Remix.run Logo
kazinator 4 days ago

The problem with your reasoning is that some humans cannot solve the problem even without the irrelevant info about cats.

We can easily cherry pick our humans to fit any hypothesis about humans, because there are dumb humans.

The issue is that AI models which, on the surface, appear to be similar to the smarter quantile of humans in solving certain problems, become confused in ways that humans in that problem-solving class would not be.

That's obviously because the language model is not generally intelligent it's just retrieving tokens from a high-dimensional statistically fit function. The extra info injects noise into the calculation which confounds it.

krisoft 4 days ago | parent | next [-]

> We can easily cherry pick our humans to fit any hypothesis about humans, because there are dumb humans.

Nah. You would take a large number of humans, make half of them take the test with distractions and half without distracting statements and then you would compare their results statistically. Yes there would be some dumb ones, but as long as you test on enough people they would show up in both samples rougly at the same rate.

> become confused in ways that humans in that problem-solving class would not be.

You just state the same thing others are disputing. Do you think it will suddenly become convincing if you write it down a few more times?

Kuinox 4 days ago | parent | prev [-]

That's obviously because the brain is not generally intelligent it's just retrieving concepts from a high-dimensional statistically fit function. The extra info injects noise into the calculation which confounds it.

kazinator 4 days ago | parent | next [-]

The problem with your low-effort retort is that, for example, the brain can wield language without having to scan anywhere near hundreds of terabytes of text. People acquire language from vastly fewer examples, and are able to infer/postulate rules, and articulate the rules.

We don't know how.

While there may be activity going on in the brain interpretable as high-dimensional functions mapping inputs to outputs, you are not doing everything with just one fixed function evaluating static weights from a feed-forward network.

If it is like neural nets, it might be something like numerous models of different types, dynamically evolving and interacting.

Kuinox 3 days ago | parent [-]

The problem with your answer is that you make affirmations using logical fallacies. We both don't know how LLMs, and brains works to produce output. Any affirmation toward that without proof is affirming things without any basis.

For example in this response: > the brain can wield language without having to scan anywhere near hundreds of terabytes of text.

The amount of text we need to train an LLM only goes down, even 2 years ago it was showed you need less than a few millions words: https://tallinzen.net/media/papers/mueller_linzen_2023_acl.p... , in order to "acquire" english.

kazinator 3 days ago | parent [-]

Training the weights of the neural network produces a humungous function with a vast number of parameters.

Such a function is not inherently mysterious due to the size alone. For instance, if we fit a billion numeric points to a polynomial curve having a billion coefficients, we would not be mystified as to how the polynomial interpolates between the points.

Be that as it may, the trained neural network function does have mysterious properties, that is true.

But that doesn't mean we don't know how it works.
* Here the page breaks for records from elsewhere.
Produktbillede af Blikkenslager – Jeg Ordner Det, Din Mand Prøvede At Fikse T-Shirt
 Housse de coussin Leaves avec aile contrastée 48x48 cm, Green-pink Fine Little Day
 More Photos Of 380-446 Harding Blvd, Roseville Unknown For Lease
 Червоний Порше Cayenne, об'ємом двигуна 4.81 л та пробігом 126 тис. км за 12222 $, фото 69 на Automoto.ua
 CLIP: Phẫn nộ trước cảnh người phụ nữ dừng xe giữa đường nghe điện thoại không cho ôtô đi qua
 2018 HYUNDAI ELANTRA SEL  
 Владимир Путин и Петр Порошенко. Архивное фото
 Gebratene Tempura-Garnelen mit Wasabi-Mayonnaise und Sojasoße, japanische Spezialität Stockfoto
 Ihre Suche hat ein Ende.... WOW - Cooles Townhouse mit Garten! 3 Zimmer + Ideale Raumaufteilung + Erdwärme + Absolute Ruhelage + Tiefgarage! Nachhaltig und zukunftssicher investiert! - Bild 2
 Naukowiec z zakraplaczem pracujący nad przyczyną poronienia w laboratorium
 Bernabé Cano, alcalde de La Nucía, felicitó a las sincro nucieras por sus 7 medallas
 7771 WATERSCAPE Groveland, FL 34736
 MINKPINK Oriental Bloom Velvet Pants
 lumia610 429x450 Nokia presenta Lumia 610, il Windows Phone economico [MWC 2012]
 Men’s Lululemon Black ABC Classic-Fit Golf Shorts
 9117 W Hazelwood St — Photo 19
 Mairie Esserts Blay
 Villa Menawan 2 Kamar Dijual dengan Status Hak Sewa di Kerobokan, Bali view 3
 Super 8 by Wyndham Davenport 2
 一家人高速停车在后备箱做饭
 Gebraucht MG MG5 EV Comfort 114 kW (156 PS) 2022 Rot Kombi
We invented it and produced it by training.

To say that we completely don't understand it is like saying we don't understand thermodynamic because the laws of thermodynamic don't allow us to predict the path of a particle of gas in, and so we must remain mystified as to how the gas can take on the shape of the container.

Say we train a neural network to recognize digit characters. Of course we know why it produces the answer 3 when given any one of our training images of 3: we iterated on bumping the weights until it did that. When we give it a an image of 3 not in our training set and it produces some answer (either correctly 3 or something disappointing) we are less sure. We don't exactly know the exact properties of the multi-dimensional function which encode the "threeness" of the image.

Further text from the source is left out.